I am fortunate to have a working spouse to help pad the financial changes, but my inner perfectionist seems to want to sabotage me – it has been successful many times in my life, and I don’t want it to win this time. A dominant narrative in my life was “If I am not perfect, I am a failure.” In some ways,my decision to change my business paradigm has been easy. Nothing has ever felt more “right” to me.
Here are the ways I have been working on myself during this change:
- Reprogramming limiting beliefs: I love doing this with clients – I have my ways, but I really prefer not to treat myself all the time. I appreciate the other perspectives and being able to “turn off” from practitioner mode. Working with Yolanda Perera, who specializes in Theta Healing and EFT (Tapping) and Marylou Smith, who specializes in Psych-K has been a tremendous help.

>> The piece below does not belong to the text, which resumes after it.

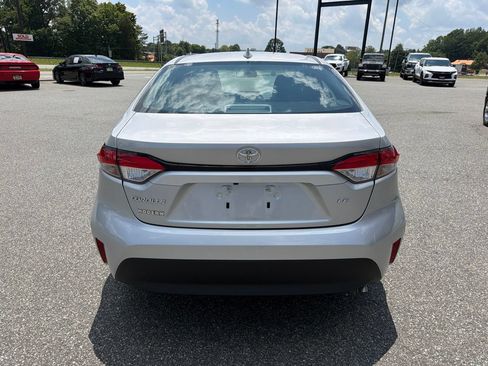 Used 2023 Toyota Corolla LE FWD image 8
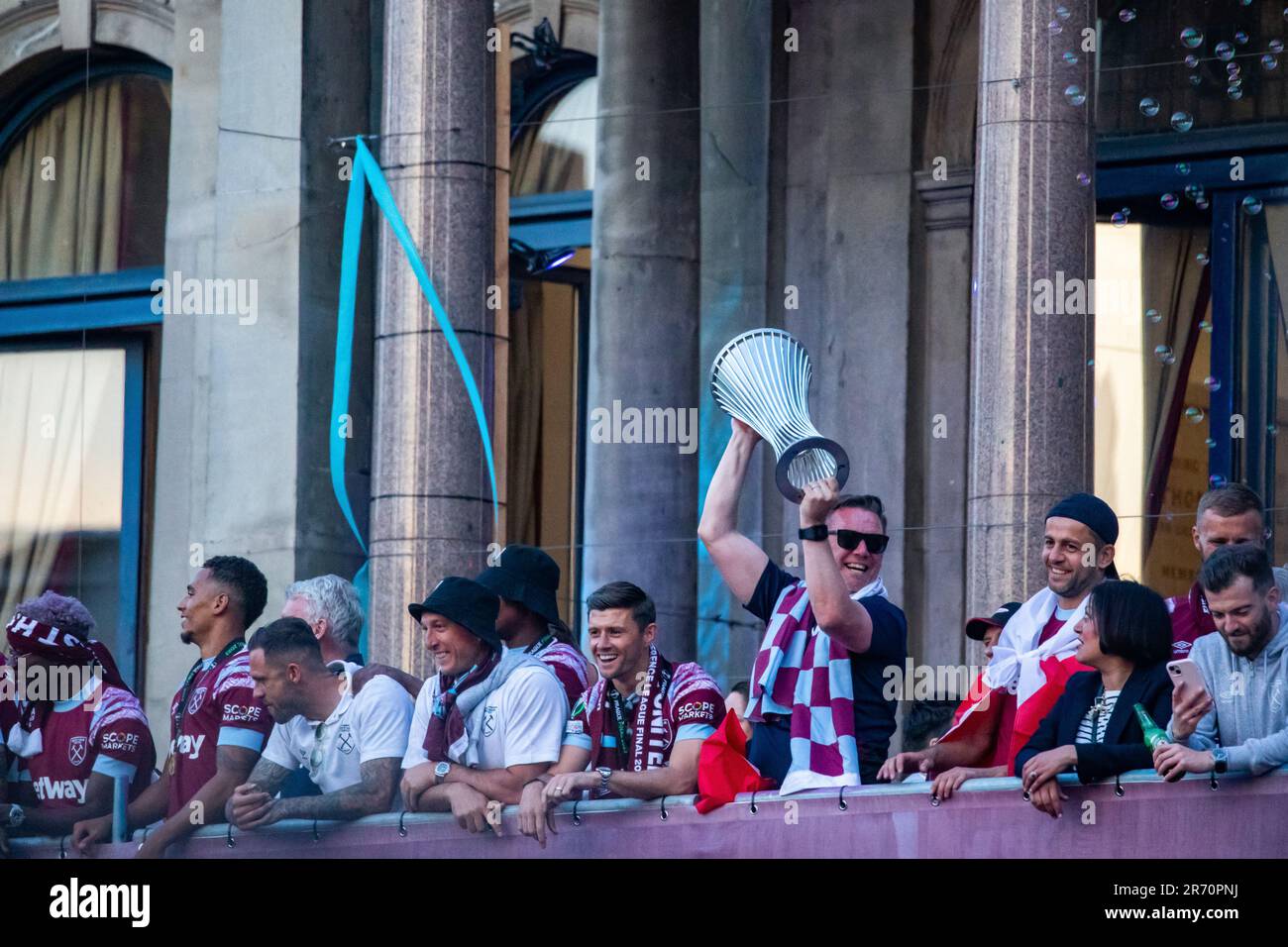 London, Großbritannien. 8. Juni 2023. Der ehemalige Kapitän von West Ham United und derzeitige erste Teamtrainer Kevin Nolan feiert mit der Trophäe der UEFA Europa Conference League auf dem Balkon des Rathauses von Stratford neben Mitgliedern der Mannschaft nach einer Siegesparade vom ehemaligen Boleyn Ground Stadium des Clubs in Upton Park. West Ham besiegte ACF Fiorentina im Finale der UEFA Europa Conference League am 7. Juni und gewann damit die erste große Trophäe seit 1980. Kredit: Mark Kerrison/Alamy Live News Stockfoto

- Law of Attraction: Focusing on what I want instead of what I don’t want has been transformative for me. I love Abraham Hicks’ YouTube Videos and Pam Grout’s books E-Squared and E-Cubed.
- Speaking it into reality: I recently listened to Joel Osteen’s book The Power of I Am. I realized I wasn’t speaking what I wanted – just letting it bounce around in my head. As I have spoken more about it, my desires and path have gained clarity and crystallization.
- Lead with your heart: I am a big believer in using your heart as an internal GPS. I will be teaching courses on it. As I have used the method, both from an evidence-based place and an intuitive state of mind, I have found it immeasurably powerful in guiding me to abundance and success. I still use my mind, and love information gathering and logic, but all of that needs to feel good to me in order to proceed.
- Celebrate yourself! Celebrate failure, success, birthdays, retirements, new beginnings. For most of my life, I have had deep shame around celebrating myself in any way. Having a party tomorrow is a HUGE deal for me. I never saw the point in celebrating anything, and I still struggle with it at times, but I am stepping out and it feels good.
How do you navigate success for change?